Cardiovascular diseases are a leading cause of morbidity and mortality worldwide accounting for 32% of all deaths across EU countries. Ischemic heart disease (IHD), known also as coronary artery disease (CAD) comprised 17% of all deaths. For up to 20% of patients, the first manifestation of IHD is sudden cardiac arrest occurring outside the hospital. Estonia stands out with the much higher prevalence of the cardiovascular diseases than Western-European countries. In Estonia, half of deaths are caused by circulatory system diseases according to the Estonian Causes of Death Registry. An urgent necessity for more sensitive biomarkers identifying altered health conditions specifically among the variety of patients with different risk factors is foreseeable. Metabolomics of human biofluids has turned into a rapidly developing area and as a quantitative molecular level method may offer extra advantages in clarification of the pathogenesis and therapy monitoring.

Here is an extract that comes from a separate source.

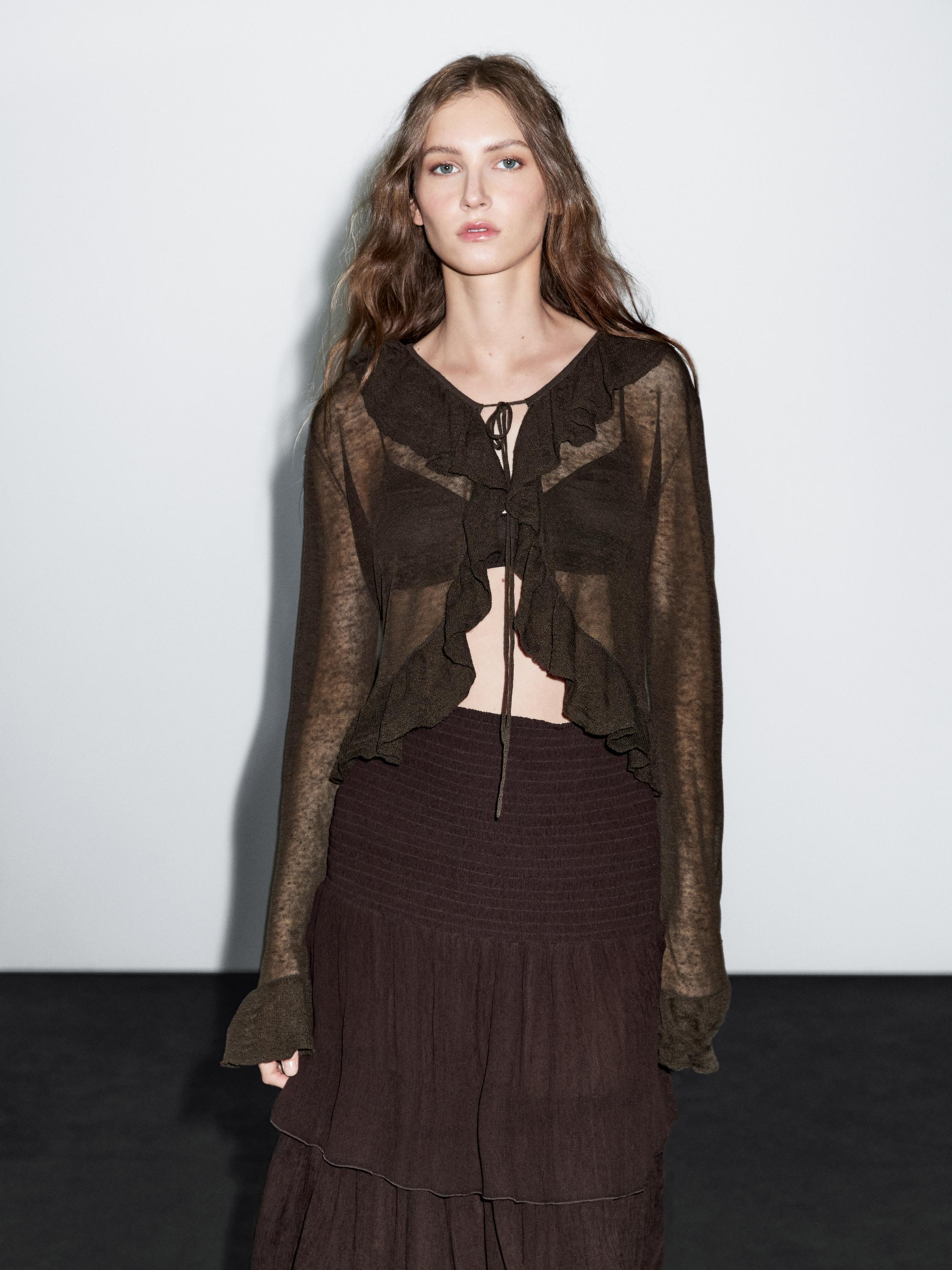 Semi-sheer brown cardigan set with ruffles, chest tie, and long sleeves, paired with a layered brown skirt.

We profiled the metabolic pattern of serum of patients classified according to International Classification of Diseases (ICD10). Most of the patients were treated with statins, ACE-inhibitors (ACEI) or angiotensin receptor blockers (ARB) and acetylsalicylic acid as an anticholesterol, an antihypertensive, and an anticoagulant medication. The control group was selected from healthy volunteers without known heart and vascular diseases and without medication. This study was performed in accordance with the Helsinki Declaration and was approved by the Tallinn Medical Research Ethics Committee. The filtered venous serum from age and gender matched IHD patients ICD10 coded I20 (n=12), I25.2 (n=6), I11 (n=25) and control individuals (n=20) were analyzed using one-dimensional proton nuclear magnetic resonance (¹H NMR) spectroscopy. These spectra were used for metabolic profiling and concentration calibration (Chenomx Inc) followed by statistical analysis using one-way Anova and principal component analysis (PCA).

The study evaluates serum of 43 individuals of Estonian origin. We identified from serum spectra about 83 metabolites. The metabolite concentrations are in good accordance with results provided by clinical chemistry reference values, the Human Metabolome Database (HMDB) library and various studies. The IHD patients are characterized by the increased concentration of acetylacetate, choline, pyruvate, betaine, formate and by the decreased concentration of alanine, creatine, glycine, histidine, lactate, proline, urea and other biomolecules. The major implications found in the serum of IHD patients are related to energy metabolism. A number of calibrated metabolites are related to human microbiome according to the information provided in the literature: trimethylamine-N-oxide (TMAO), formate and hippuric acid. Interestingly, the altered health conditions might be potentially characterized by altered microbiome. Chemometrics analysis showed a significant distinction between the patients and control individuals. The metabolic profile of ischemic patients with or without previous myocardial infarction appears to be similar. The pattern of HHD patients follows the changes of the serum of IHD patients in regard of some amino acids concentrations but is negatively correlated in regard to formate and 3-hydroxybutyrate.

PCA of ¹H NMR detected serum metabolites exhibit a significant difference among the IHD patients, HHD patients and control individuals. These data demonstrate that metabolomics approach may be useful for the early detection of some circulatory diseases, for detection of synergistic pathways involved in the development of altered health conditions, and molecular understanding of particular health condition. This relatively inexpensive, non-invasive and reproducible approach may be useful for the molecular understanding and early prevention of health conditions, improvement of surveillance and therapy.

This work was supported by the Estonian Research Council grant PUT 1534.